7 minutes past 9 of the Morning of Saturday, 1st October, 1887
I placed the aetherceiver down and massaged the bridge of my nose between forefinger and thumb, and sighed. Alison would be visiting, and this in and of itself was a good thing, though the circumstances could stand to be a good deal better.
Unfortunate that we should be forced to meet for purely professional reasons, but it was a sad necessity. The child beneath by bed needed to be calmed, and ideally questioned. I needed to ascertain the identity of the individual who had broken into my house and left Lester unconscious on the floor. Perhaps more importantly, I needed to identify why exactly they had performed the act.
As I walked down the hallway towards the small kitchen where I took most of my meals, I contemplated possible motives, doing my best to block out the smell of bacon lingering in the air. My capability to smell emotion is undoubtedly useful, but I have found that strong, mundane scents can sometimes make concentration difficult. The bacon could wait. I had scenarios and possibilities to consider.
Until other evidence suggested otherwise, it would seem the attack was little more than a threat or a warning. Who would have reason to threaten me?

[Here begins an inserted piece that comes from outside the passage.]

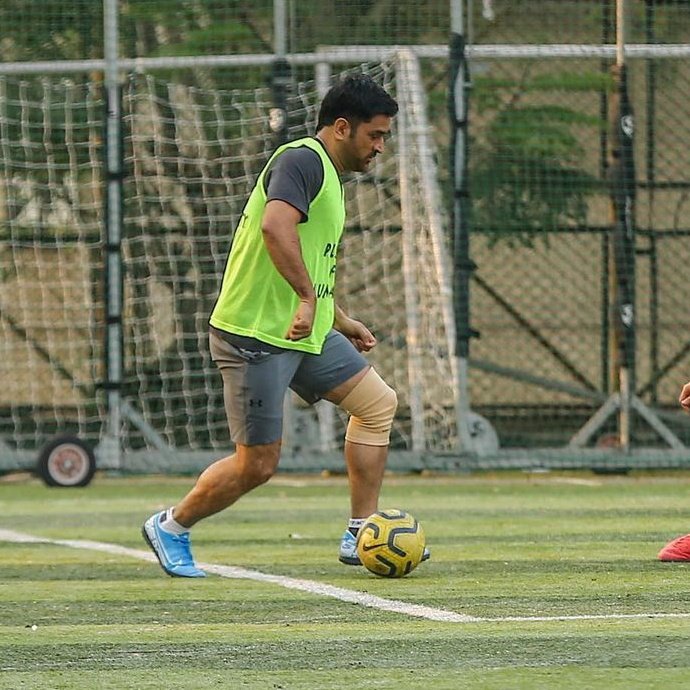 WhistlePoduCsk7's tweet photo. The Indian football team is a disgrace to this nation. They lost to a random country like Brazil and yet they "BEG" for support. 😭😭

I urge all cricket fans to consider boycotting this team. Even cricketers like MS Dhoni play better football than frauds like Ryan Williams https://t.co/uJfjRulGBV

Alison’s father Horatio disapproves of our courting quite forcefully, but he is a former military man of good standing, known for his stringent code of personal honour. He is also rather well known for deeming his aforementioned to be more flexible when dealing with colonial natives, an attitude that both his daughter and myself despise. To act in such an underhanded and brutish manner was both unlikely and unbecoming of even a man such as him. Unless, of course, I vastly underestimated his disapproval of me. Sir Horatio Archibald Harlington was a possibility, but a most unlikely one.
It was possible that the attack was the work of Grigor Karloff. He have clashed metaphorical blades on numerous occasions, and literal blades only slightly less often. A disgraced Russian aristocrat, Karloff moved to London with the last specks of his his substantial fortune and cemented a position within the city’s criminal upper class. Hired muscle carved him a notable portion of the opium trade, and from there he moved his dealings to the elite of British society, providing the rich and the powerful with the objects of vices. For a price. Karloff was a much more likely suspect, but the attack felt too crude to be one of the Russian’s schemes. He had long graduated from using street muscle to make his displeasure known, now preferring to utilise his expansive influence, blackmail and professional killers as weapons. An assault as blatant as this would likely offend Karloff’s sensibilities.
Which would left only one obvious possibility: an unknown assailant. This could have been pure chance, a burglary gone wrong. But why then take nothing?
Perhaps…
Perhaps this was linked to the current case? Again, this seemed unlikely, but the ring at the crime scene at the very least would possibly suggest some sort of organisation. Perhaps they were trying to silence the investigating detective? Or the man who had found evidence of their existence in the ring?
Very unlikely, and unsubstantiated. Also, if this scenario were true, they would require a member within the Metropolitan Police Force, or be able to access their reports and communications with breathtaking ease.
That thought gave me pause.
I shook my head and returned from my musings to the land of the living. All my theories lacked evidence, and it was no use speculating further. At least, not until I had questioned Lester and the child, and had Alison’s father examine the ring.
With a deep inhalation of bacon-scented air, I put the theories to the back of my mind for now, and entered the kitchen.